We met at the Starbucks on the corner of Hollywood & Vine. His hair was long and loosely locked, draping over a scarred leather jacket. Twinkling eyes smiled up to greet me as I took the only seat available near the window. I'd come here often to be entranced by the cinema of people walking by, an occasional celebrity sighting or the Tetris of cars as they jockeyed through a busy intersection. Sometimes I'd listen to music, lectures or read a book. Sometimes I'd watch quietly, letting the scene erupt in silence

Christopher's eyes fell back down to a guitar that had been cradled in his lap. Chatter and espresso making swelled as I nibbled banana nut bread and kissed hot chocolate. People outside poked their phones while walking by or stared ahead purposefully. Waves of commuters would rush by from a nearby train station or sometimes a bubble of tourists would float through, but overall it was calm. This was a day to watch quietly.
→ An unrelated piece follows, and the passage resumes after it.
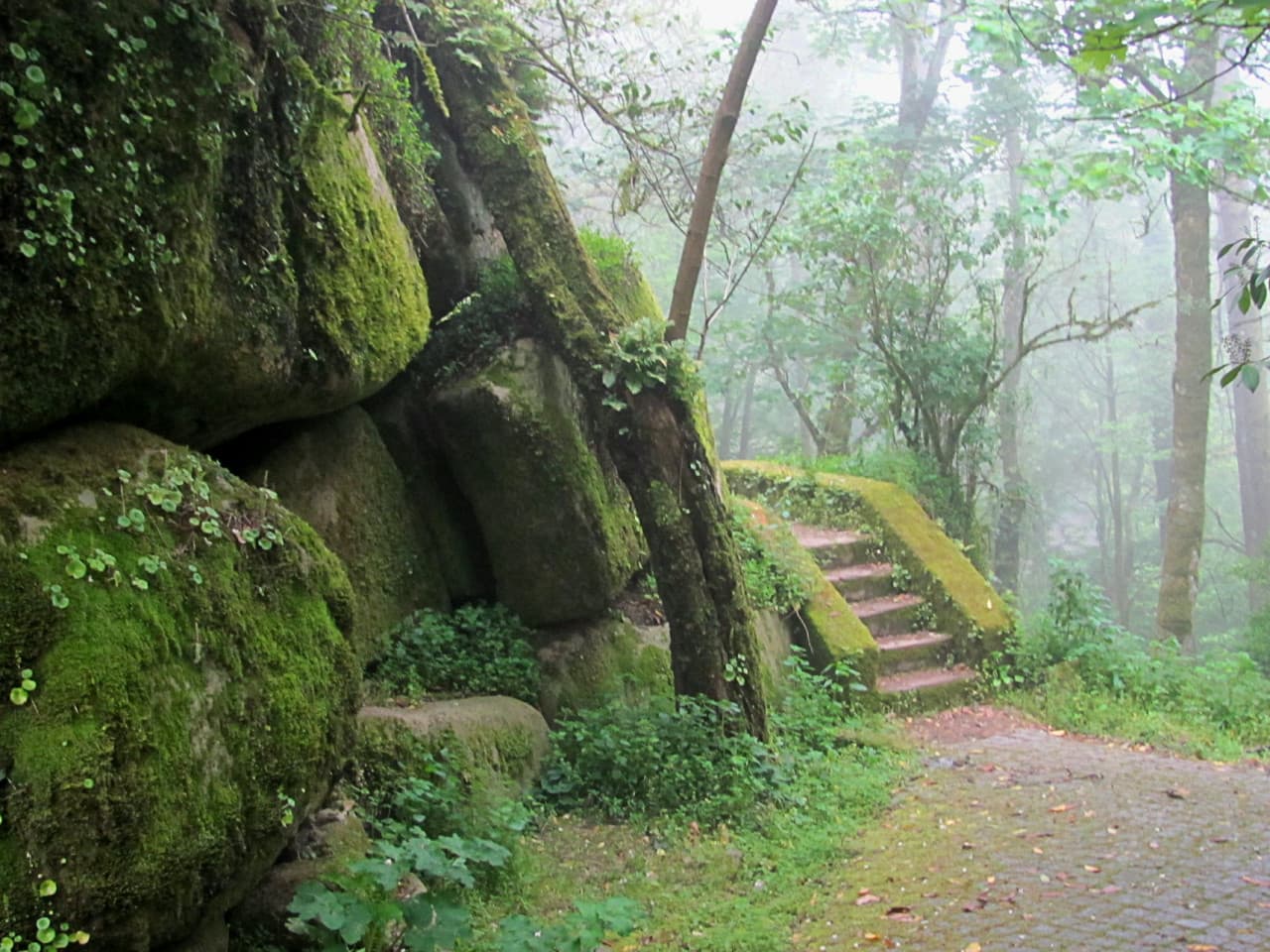 Pena Park in Sintra Ticket - image 4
"I don't really know much yet," Christopher's voice cut in. I glanced over to find him caressing strings and tickling chrome pegs. He looked up again and smiled, "It still needs tuning." The guitar found its way to him while traveling. For the past year he'd been backpacking down the coast from Seattle, hitching rides along the way and making new friends. His story spilled out and the more he spoke, the more open I felt. His guitar rested by his side and my hot chocolate grew cold as words danced between us. Time bled.

Staff had grown impatient with a homeless man who seemed disoriented. Christopher's attention shifted. He gazed as the man struggled to speak while being pressured outdoors. Suddenly Christopher was out there pleading with him, "What do you need?" No response. He continued, "Are you hungry?" Christopher came back, grabbed something from the display and went outside to present it to the man. Their eyes met. The man took the gift and shuffled away. Christopher watched like a shepherd.

His eyes were sad when he came back. It didn't feel right to ask what happened. "We always forget," he murmured as he studied the scene in front of us. The air clogged before he melted again with a smile, "but we remember." His eyes snapped to me with fierce clarity, "We forget so we can remember."